Seth Rogen and Michael Fassbender in Steve Jobs.

I can’t say whether Michael Fassbender’s portrayal of Steve Jobs in Danny Boyle’s new firecracker of a movie is accurate; I didn’t know the guy. I can say that the performance is, dramatically, one of the best things you will see in cinemas this year.

Steve Jobs, written by Aaron Sorkin and directed by the ever-reliable Boyle (127 Hours, Sunshine), plays out in three parts: Apart from a few flashbacks, we see Jobs backstage at three significant product launches during his career. The film is expertly staged, playing out like the most entertaining and brutal of Shakespearean dramas.

As Jobs ties his bowtie and prepares to launch the Macintosh in 1984, his personal life is messing with his mojo. Estranged lover Chrisann Brennan (Katherine Waterston) is distressed over the paltry sum Jobs pays her and their alleged daughter, Lisa (Makenzie Moss), in child support. Jobs is worth millions, but offers only hundreds per month—because he doubts his being the father.

Chrisann has some good arguments. A paternity test puts the likelihood of Jobs being the dad at more than 94 percent, and Lisa looks an awfully lot like him. This is no matter to Jobs, who spends years denying fatherhood—while reluctantly turning over more than the court-mandated amount of cash, because part of him really likes Lisa. He even names a computer after her.

We see Steve Jobs at his very worst, a man so obsessed with his company’s new gadgets that he won’t face the reality of his fatherly duties. Lisa, portrayed at different ages by Moss (6), Ripley Sobo (9) and a show-stopping Perla Haney-Jardine (19), is a girl any dad would be proud of—but Jobs can’t really be bothered. He has goofy-looking computers to sell.

While Jobs won’t be a dad to his daughter, he tries to be one to Steve Wozniak (Seth Rogen), the engineer who actually built the board that launched Apple computers. Mind you, Jobs isn’t a good father figure. While he claims he will always protect and nurture Wozniak, he fails to come through on some key matters, including the acknowledgement of Wozniak and his team in the Apple legacy. 

Fassbender’s Jobs is every bit that charming man we saw while he was introducing computers, iPods and iPhones to drooling masses. He had such nice, warm tendencies in public that it was hard to imagine him as a bastard behind the scenes.

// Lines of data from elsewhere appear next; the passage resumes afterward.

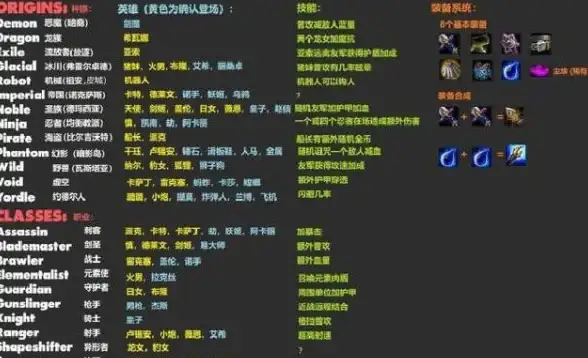 游戏攻略🔥虚空刺客装备推荐及高手玩法详解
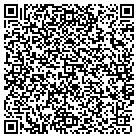QR code with Micrometalsmiths LTD contacts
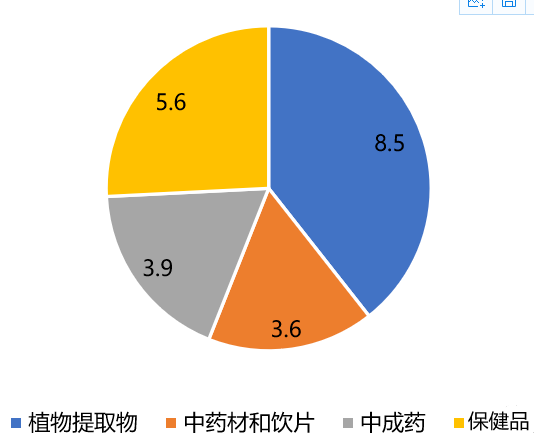 火石 3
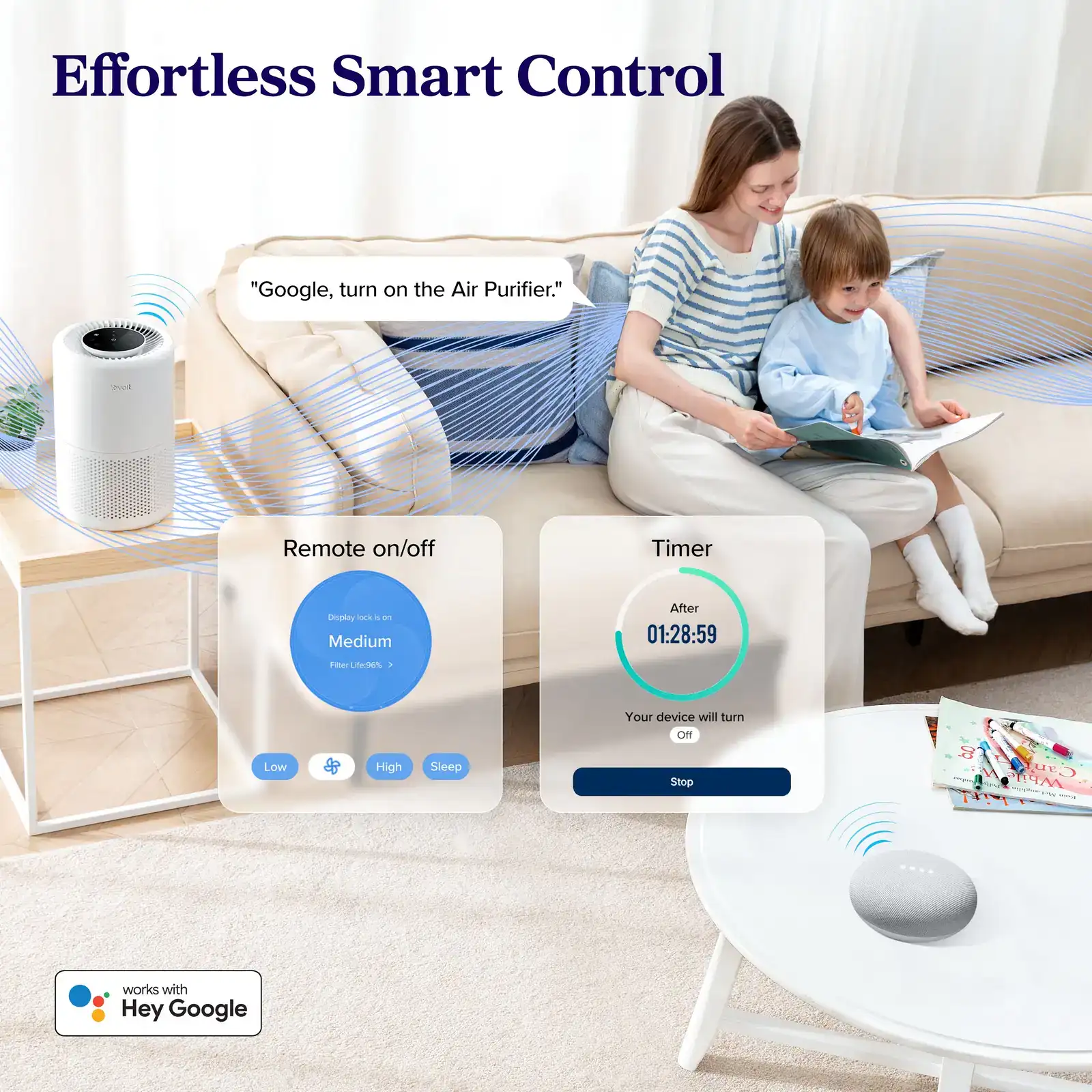 Levoit air purifier Core 200S Lebanon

Unfortunately, his quick wit and ability to reason are often wielded as weapons against his perceived enemies, whether they be Wozniak, justifiably begging for recognition, or Chrisann, begging for money. As far as this movie is concerned, Jobs was a brilliant but not-so-nice man. In fact, he was a major dickweed.

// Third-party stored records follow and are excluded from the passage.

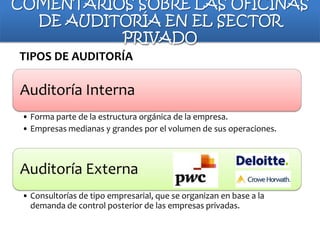 COMENTARIOS SOBRE LAS OFICINAS
DE AUDITORÍA EN EL SECTOR
PRIVADO
TIPOS DE AUDITORÍA

Auditoría Interna
• Forma parte de la estructura orgánica de la empresa.
• Empresas medianas y grandes por el volumen de sus operaciones.

Auditoría Externa
• Consultorías de tipo empresarial, que se organizan en base a la
demanda de control posterior de las empresas privadas.

 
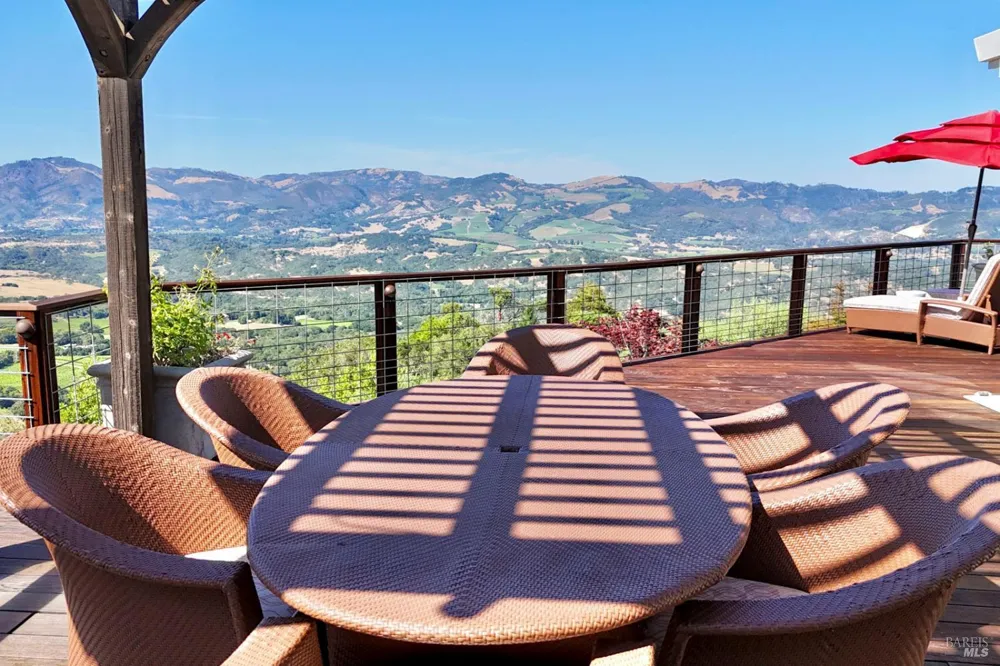 1000 Wolf Ridge Road Glen Ellen, CA 95442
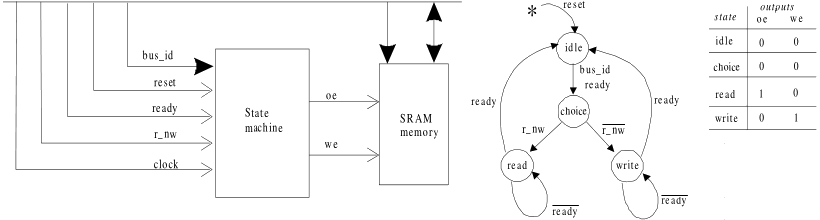 state transition diagram of a memory controller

The major coup is that Fassbender still makes Jobs likable. It’s easy to hate the man’s actions, and it’s also very easy to root for his redemption. Fassbender puts petal to the metal with this performance, and he never lets up.

Say hello to Seth Rogen … actor! In his few pivotal scenes, Rogen breaks hearts as Wozniak, a good natured, well-meaning man who obviously loves and admires Jobs, but can’t fathom his stubbornness. It’s a revelatory performance from a man who usually delivers laughs. This time out, you’ll feel his character’s emotional pain and hurt.

Kate Winslet, even though her accent morphs from time to time, is equally compelling as Jobs’ confidant and mother figure, Joanna Hoffman. It’s an incredible performance. The same can be said for Jeff Daniels as John Sculley, the advertising giant who essentially became Jobs’ boss. That relationship is combustible at times, and Daniels blows up the screen.

Steve Jobs will make you forget Jobs, that other biopic that featured a heavily made-up Ashton Kutcher playing with an iPod. Fassbender and Boyle deliver the kind of movie Jobs deserved—warts and all. It’s a mesmerizing film about a complicated man.

Steve Jobs is playing at theaters across the valley.